„Investitionen in die Sprachkompetenz wären dringend geboten“
Fünf Fragen an Wilfried Bergmann
Koordinator der Arbeitsgruppe Bildung und Wissenschaft im Petersburger Dialog
Wo stehen wir im deutsch-russischen Verhältnis?
Trotz einiger Abkühlungen im generellen politischen Bereich der deutsch-russischen Beziehungen ist im Bereich Bildung und Wissenschaft die Zusammenarbeit cum grano salis unverändert gut. Dabei ist zu berücksichtigen, dass zahlreiche langjährige Kontakte nicht durch kurzfristige Eintrübungen in anderen Bereichen direkt tangiert werden, da diese zu stabilen vertrauensbildenden Maßnahmen geführt haben. Sicher: Bessere allgemeinpolitische Beziehungen strahlen immer auch positiv auf alle Felder der Zusammenarbeit aus.
Beide Seiten haben ein großes Interesse am Wissenschaftsaustausch und der fachlichen Kooperation. Dies gilt besonders für die gesellschaftlichen Implikationen wissenschaftlicher Erkenntnisse.
Im Bildungsbereich ist der Austausch wegen systemischer Unterschiede in beiden Ländern immer schwieriger gewesen. Hier macht sich auch das negative Russlandbild in Deutschland stärker bemerkbar. Auch wirkt sich aus, dass die wechselseitige Anerkennung gegenseitiger Studienleistungen verbesserungsbedürftig bleibt.
Nach 30 Jahren Vernunftehe scheint die deutsch-russische Liaison zerrüttet. Lohnt sich eine Mediation?
Jedenfalls für den Bereich Bildung und Wissenschaft erscheint mir eine Mediation weder notwendig noch zielführend.
Was trennt, was eint Russen und Deutsche heute?
Neben langwierigen Anbahnungsverläufen für neue Kooperationen hemmen systemische Unterschiede vor allem im Bildungsbereich die Zusammenarbeit. Dazu kommt, dass die finanzielle Ausstattung auf beiden Seiten deutlich steigerungsfähig wäre.
Im Wissenschaftsbereich eint vor allem die methodische Parallelität in vielen Feldern die Zusammenarbeit. Dabei wirkt sich (gefühlt) aus, dass das kontinentale Bildungs- und Wissenschaftsverständnis (noch) deutlich mehr Wertschätzung als das anglo-saxonische genießt.

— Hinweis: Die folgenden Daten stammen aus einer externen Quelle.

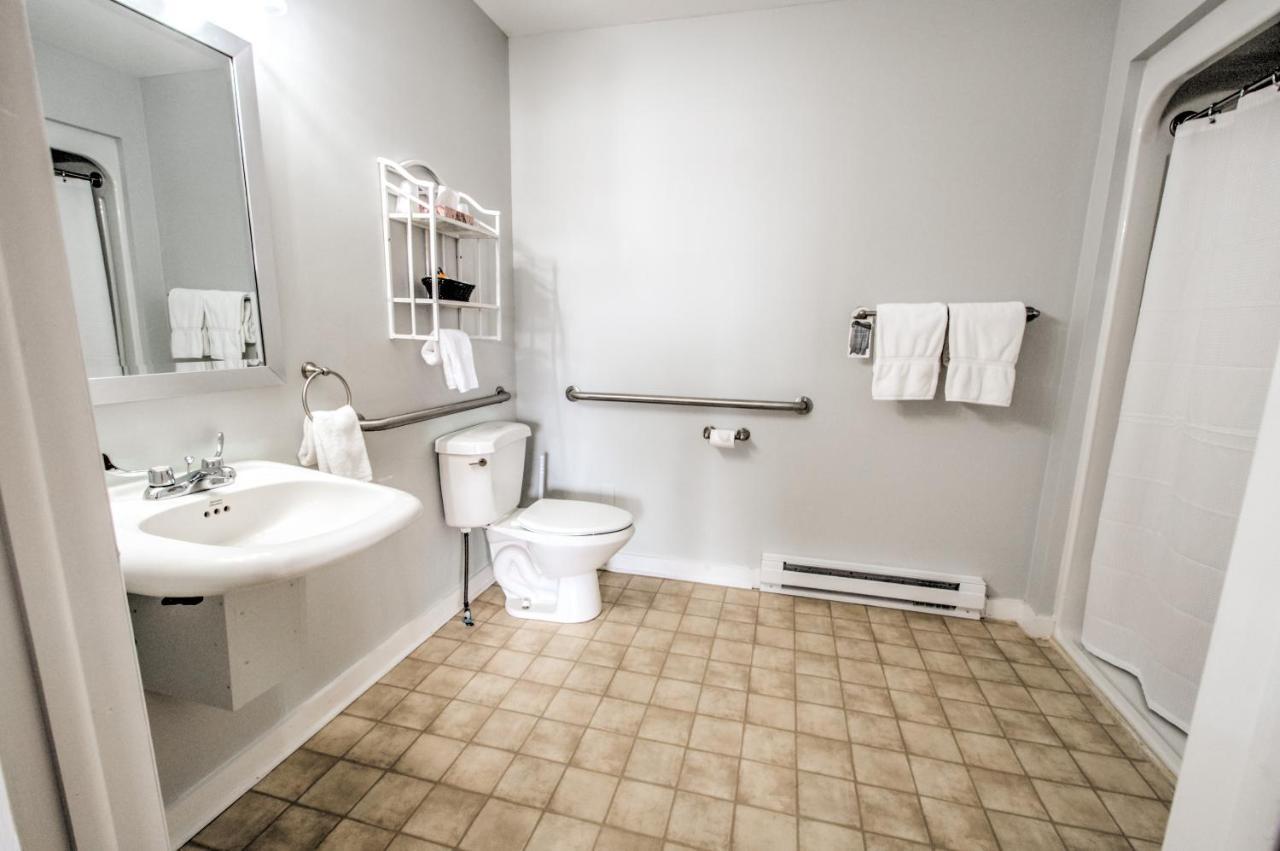 East Shore Lodging Hawley المظهر الخارجي الصورة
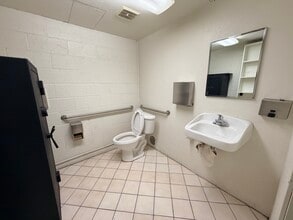 2165 Gaylord St, Long Beach, CA for lease Interior Photo- Image 2 of 9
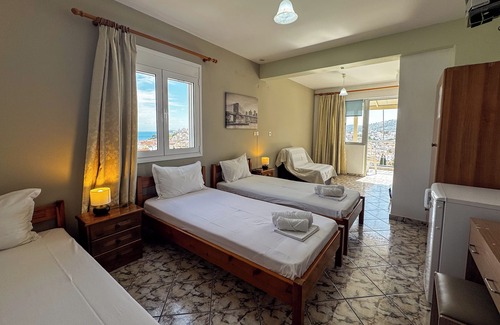 Skiathos Hotel | Skiathos Platis House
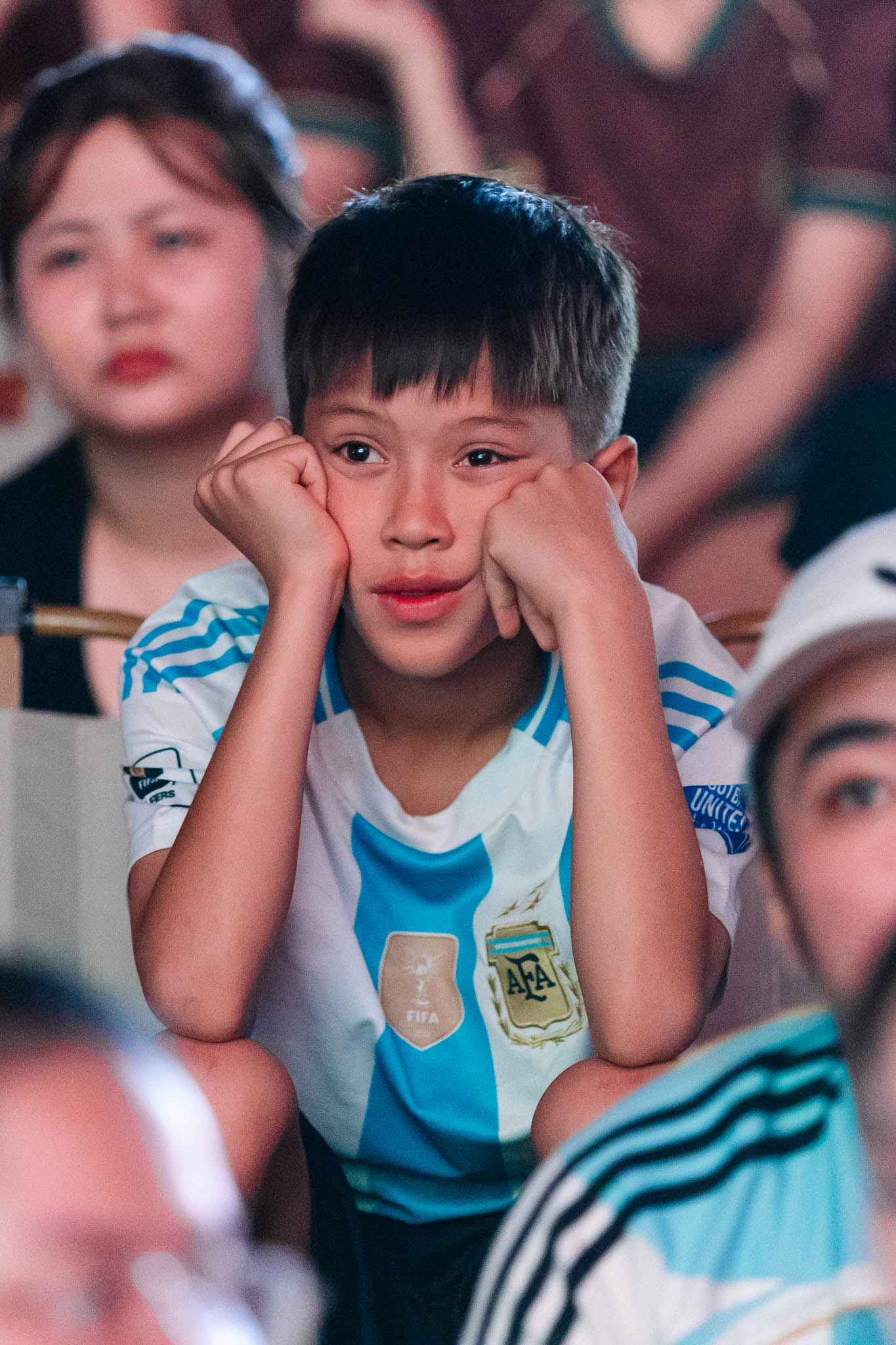 Nhìn lại một đêm buồn của các CĐV khi Argentina không có nổi một cú sút trong 90 phút - Ảnh 28. Nhìn lại một đêm buồn của các CĐV khi Argentina không có nổi một cú sút trong 90 phút - Ảnh 28.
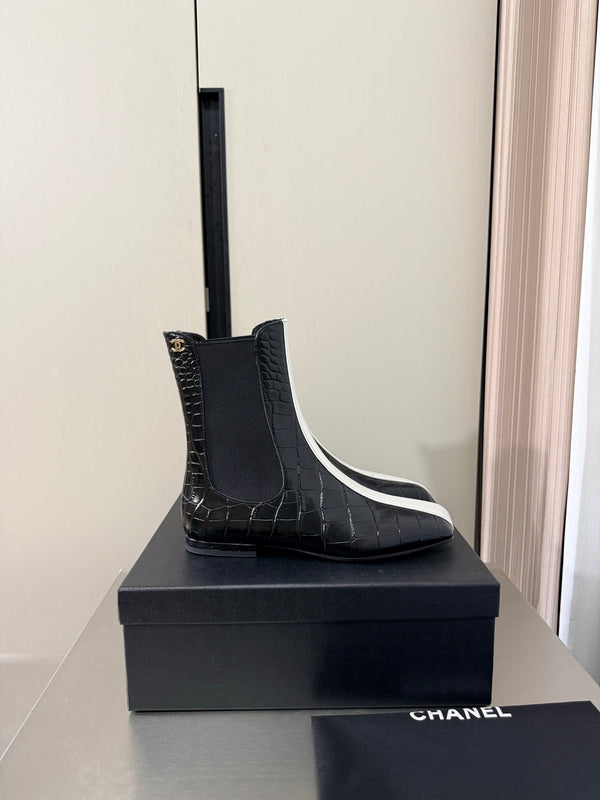 CC Métiers d'Art 2026 Short Boots Black Croc-Embossed Calfskin Patent Leather 929456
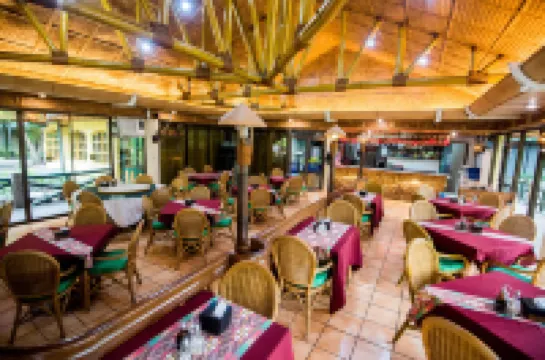 Family Country Hotel & Convention Center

Hier ist aber eine Trendwende zu erwarten (zu befürchten), zumal – neben dem Vorteil der englischen Sprache, bei rückläufigen Deutsch- bzw. Russischkenntnissen in der jüngeren Generation – die (insbesondere) amerikanischen Finanzmittel ihre Wirkung nicht verfehlen. Eine deutliche Steigerung der Investitionen in die Sprachkompetenz wäre dringend geboten.

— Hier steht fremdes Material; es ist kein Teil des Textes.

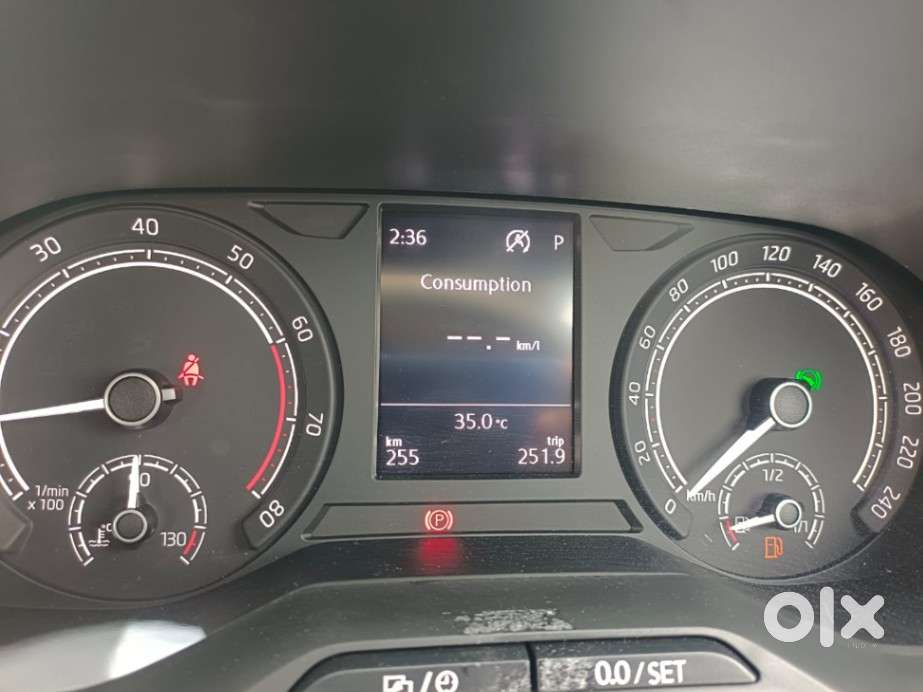 Skoda Kylaq Signature At, 2026, Petrol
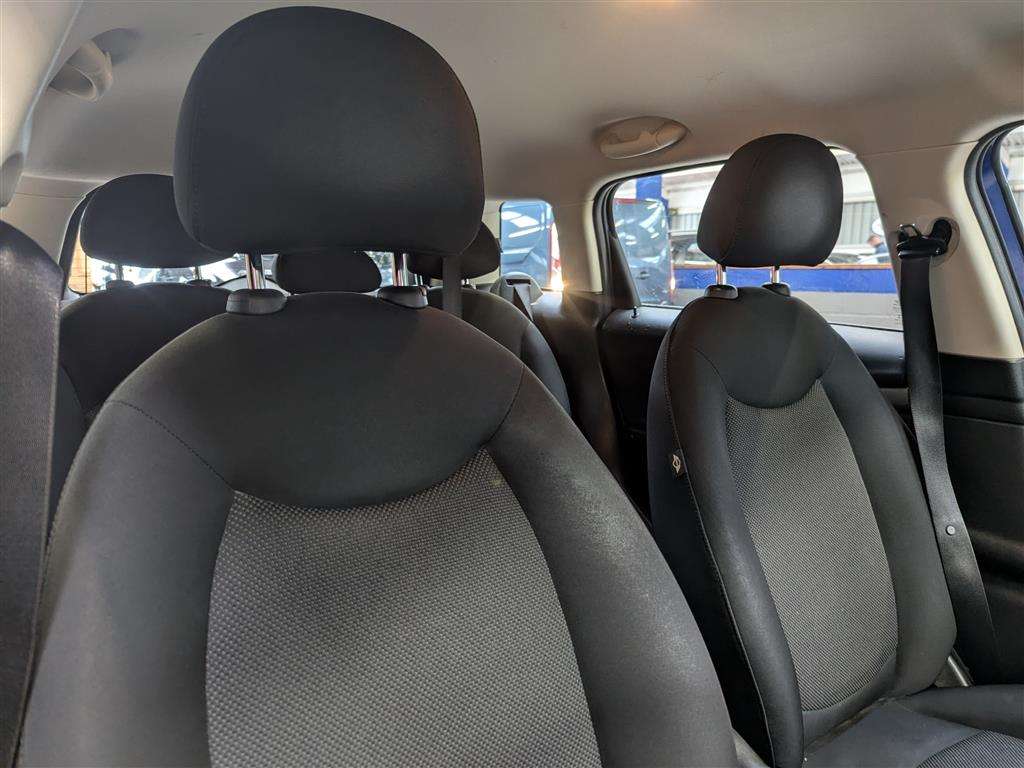 <p>2014 MINI COUNTRYMAN COOPER D</p>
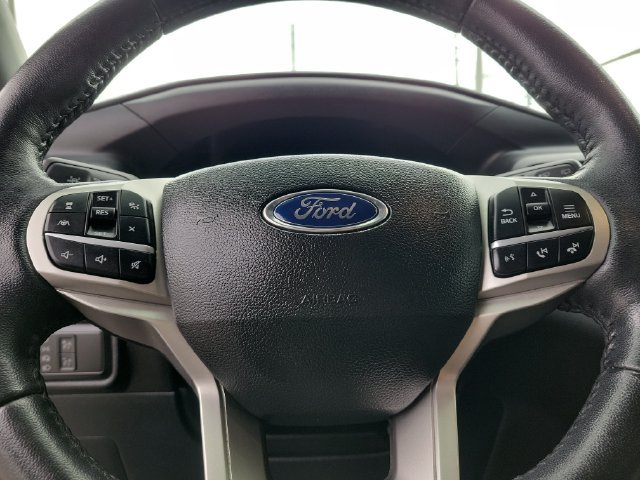 Certified 2022 Ford Explorer XLT w/ Equipment Group 202A RWD image 25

Was wird das wichtigste Thema Ihrer Arbeitsgruppe im kommenden Jahr?
Da einige Fachgebiete (u. a. Theologie, Medizin, Ökologie) in eigene Arbeitsgruppen behandelt werden, fokussiert es sich in der AG Bildung und Wissenschaft in diesem und dem nächsten Jahr auf anwendungsbezogene Themen. Hier sind besonders zu nennen: Rechts-, Wirtschafts- und Sozialwissenschaften einschließlich der gesellschaftspolitischen Folgen (z. B. Veränderungen/Ängste infolge Digitalisierung; Migrationsprobleme, kommunale/regionale Demokratisierung einschließlich Subsidiarität und Wertedialog).

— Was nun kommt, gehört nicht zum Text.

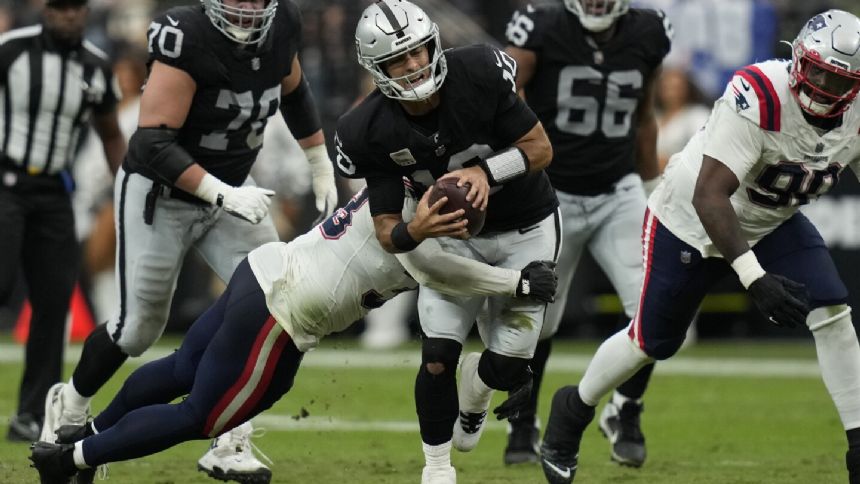 Raiders QB Jimmy Garoppolo leaves game with back injury against Patriots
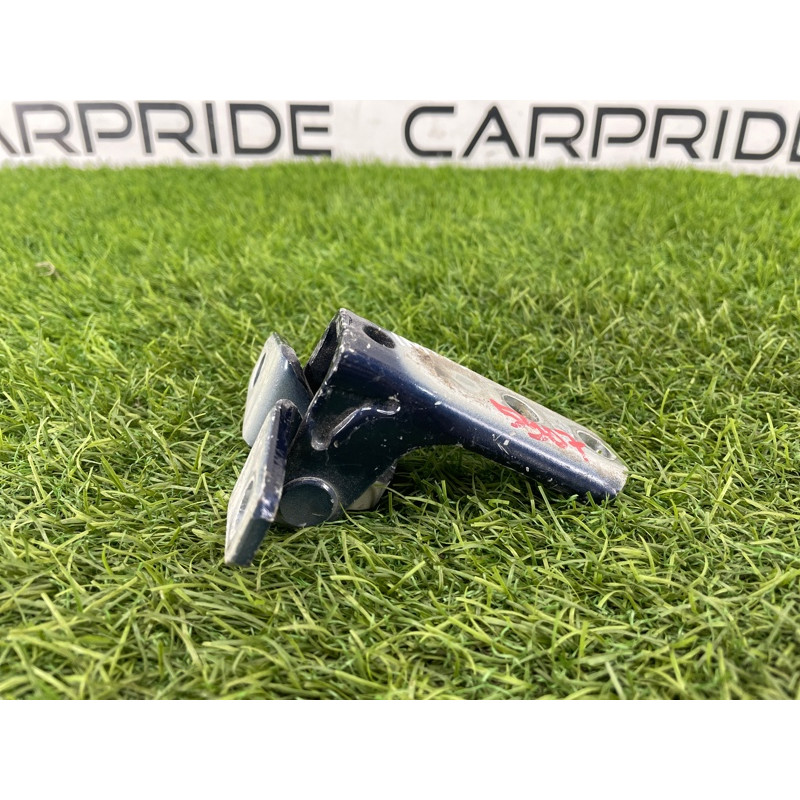 Петля двери (кузов и элементы) Mitsubishi Outlander GF 2017 2.4 5702A064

Aktuelle Probleme (z. B. Corona und ihre Folgen für Bildung und Wissenschaft) müssen zunehmend einbezogen werden, wie veränderte Anforderungen an Leadership-Modelle der nachwachsenden Generation. Zudem soll (in Zusammenarbeit mit der AG Ökologie) das Thema des Klimawandels (einschließlich Energiepolitik) mit seinen vielfältigen Auswirkungen thematisiert werden.
Wagen Sie eine Prognose: Wie sieht das deutsch-russische Mit- oder Gegeneinander in zehn Jahren aus?
Ich gehe davon aus (und das ist mehr als nur ein Wunschdenken!), dass das deutsch-russische Verhältnis in zehn Jahren in Bildung und Wissenschaft sich weiter stabilisiert haben wird, da auch die Globalisierung/internationale Vernetzung diese Kooperationen notwendiger macht. Das setzt aber voraus, dass Störungen aus anderen Bereichen wenig/keinen Einfluss auf Bildung und Wissenschaftskooperationen nehmen wird.